A lone dancer took to the stage, busted some kick-arse moves, then was joined by Grimes, a percussionist and another dancer to kick off one of Laneway's most original sets. Dropping samples, keyboards, guitar and vocals into the mix, Grimes banged out her unique brand of electronica, coupled with her extraordinary vocals, giving the huge crowd a taste of what four women can do.

Their slightly delayed start only built the air of anticipation for Beach House. A blacked out stage, illuminated by flickering star lights in the background, drew a looming silhouette of the performers as the sounds of PPP washed over the crowd. As vocalist Victoria Legrand stated herself, "The night has fallen and you must relax." It certainly wasn't a hard task, with the dreamy waves of Space Song and Wishes drifting over the spellbound audience.

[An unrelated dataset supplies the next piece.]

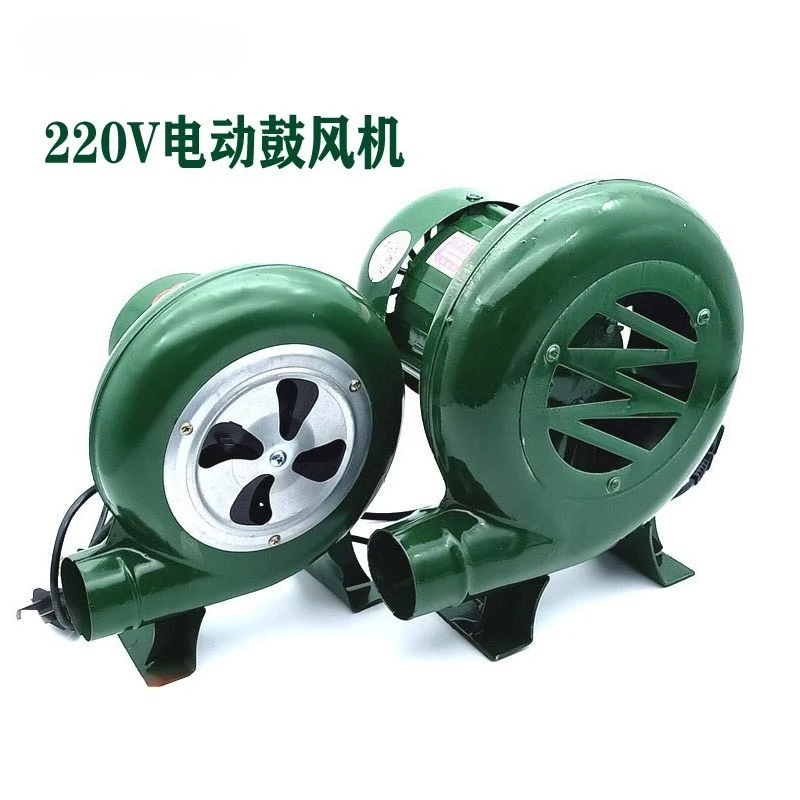 

Бытовая маленькая барбекю, большая печь с поддержкой сгорания, вентилятор, дровяная печь, выдувная печь, электрический вентилятор 220 В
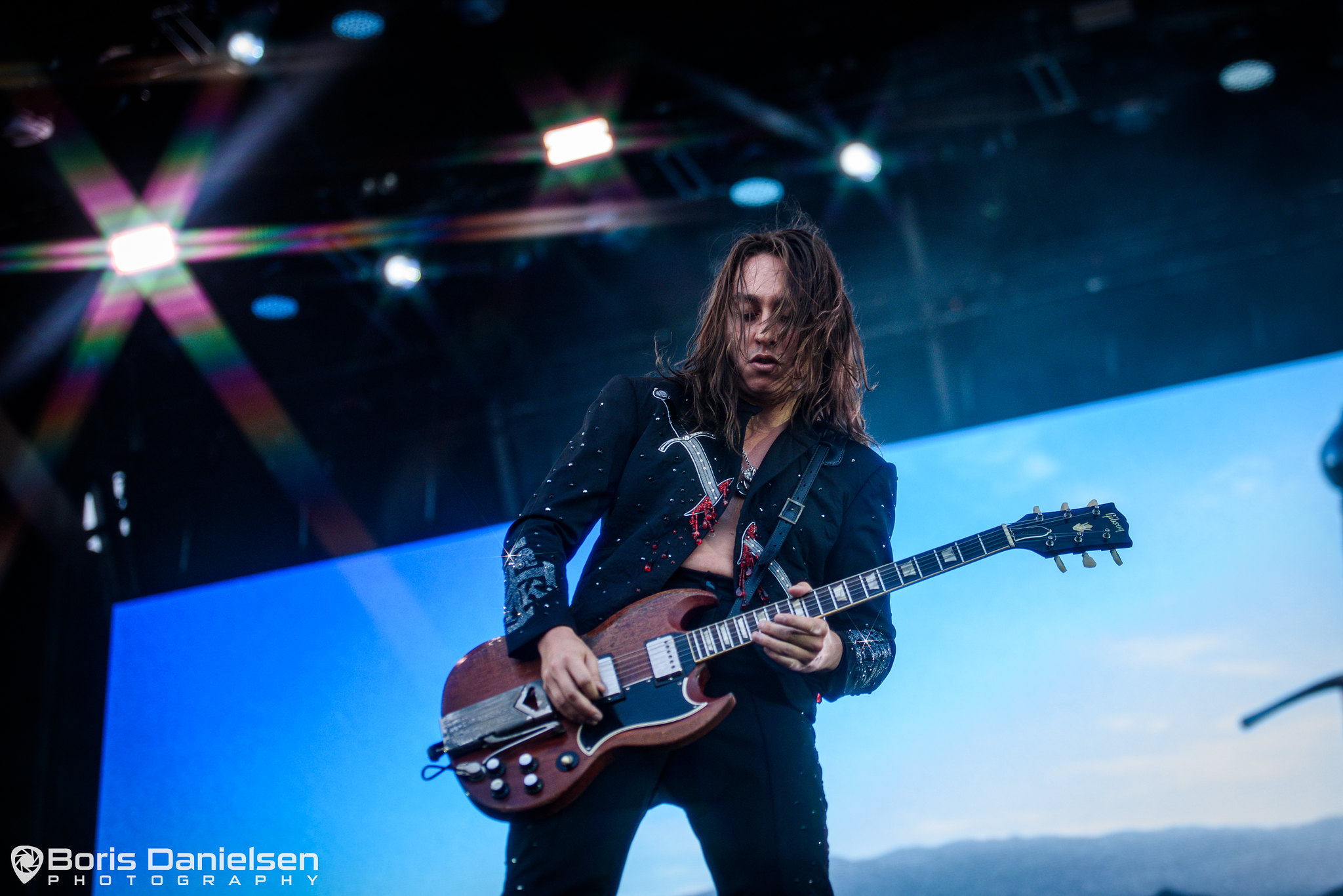 Greta Van Fleet live på Tons of Rock 2024 - BLEZT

Chvrches drew a large crowd to the front of the Ferris Bueller stage and treated them all to a flawless set of Scottish synth pop. They kicked off with Never Ending Circles and took tracks off their two albums Every Open Eye and The Bones Of What You Believe; the crowd ate up every track. Their impressive light show complemented the set perfectly, leaving little doubt that they deserved one of the top billings of the festival.

A huge build-up promised much but resulted in a disappointing first drop as Flume hit the Ferris Wheel Stage for the final set of the night. The only way was up and thankfully Flume hit back hard from then on, lacing big vocal samples, industrial noise and fat synth to build a big, slow-burning set, lapped up by the happy crowd. A brilliant visual show, guest live vocals, a Lorde sample and amazing lights provided a fitting close to another successful Laneway festival.

With festivals falling by the wayside in recent years, Laneway is a shining example on how to do it right. With no discernible headliner, similar set times, a collaboration of artists and a great venue in Fremantle with easy access via public transport, Laneway may well continue very happily into the future.